Ainda no dealbar dos operadores privados de televisão, Rangel lembrava que uma televisão com mais de 50% de share vendia de tudo: sabonetes e presidentes da República. Mais tarde, as redes sociais tomaram a dianteira neste campo e, entre 2016 e 2017, o Facebook foi creditado com a vitória eleitoral do Brexit, no Reino Unido, e de Trump, pelas mãos do mago Brad Parscale, que aprendeu os truques da rede social para entregar a cada utilizador um anúncio político feito à medida. Já para não referir o efeito “bolha” do algoritmo preparado para nos alimentar com notícias confortáveis e que confirmavam aquilo em que queríamos acreditar, mesmo que fosse falso. Hoje, muita desta influência chega-nos pelo Instagram e o TikTok, que, até melhor explicação, estão a ajudar a impulsionar um partido entre as camadas mais jovens.

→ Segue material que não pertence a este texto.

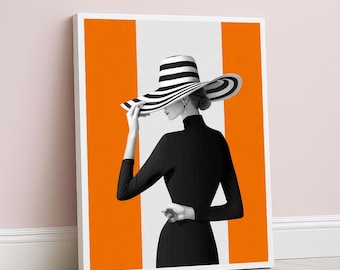 Oranje en zwart mode vrouw canvas muurkunst moderne woonkamer decor statement stuk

Muito foi discutido desde então, mas as ameaças não só não cessaram como há novas à espreita, com o aperfeiçoamento da inteligência artificial e a disseminação de ferramentas que permitem adulteração fácil de imagens ou até a criação totalmente artificial de fotografias e vídeos, dificilmente distinguíveis de algo verdadeiro. O mesmo partido que apanha os jovens nas redes com vídeos divertidos, simplistas e com alguma desinformação, participa também na divulgação de algumas imagens adulteradas e partilhadas como brincadeira na Internet.
As grandes empresas de tecnologia, como a Meta, o Google e o TikTok dizem estar atentas ao fenómenos da desinformação e assinaram um acordo para combater o “uso decetivo de inteligência artificial nas eleições de 2024”, mas falta saber se há realmente capacidade em tempo real de controlar o uso dado às ferramentas lançadas no mercado a ritmo acelerado. E é nestas empresas mais poderosas do que muitos Estados que queremos confiar para salvaguardar a nossa liberdade?
Na Europa está em preparação o “Artificial Intelligence Act”, para regular o uso da tecnologia e que categoriza em quatro níveis de risco as ferramentas de IA, consoante o uso e capacidade, mas o texto ainda em desenvolvimento só deverá ter força de lei em 2026. O processo burocrático é lento e não vai chegar a bom porto a tempo de nos ajudar, enquanto sociedade democrática e que assim se quer manter, neste ano em que tudo está em jogo e em que uma decisão errada pode demorar gerações a recompor.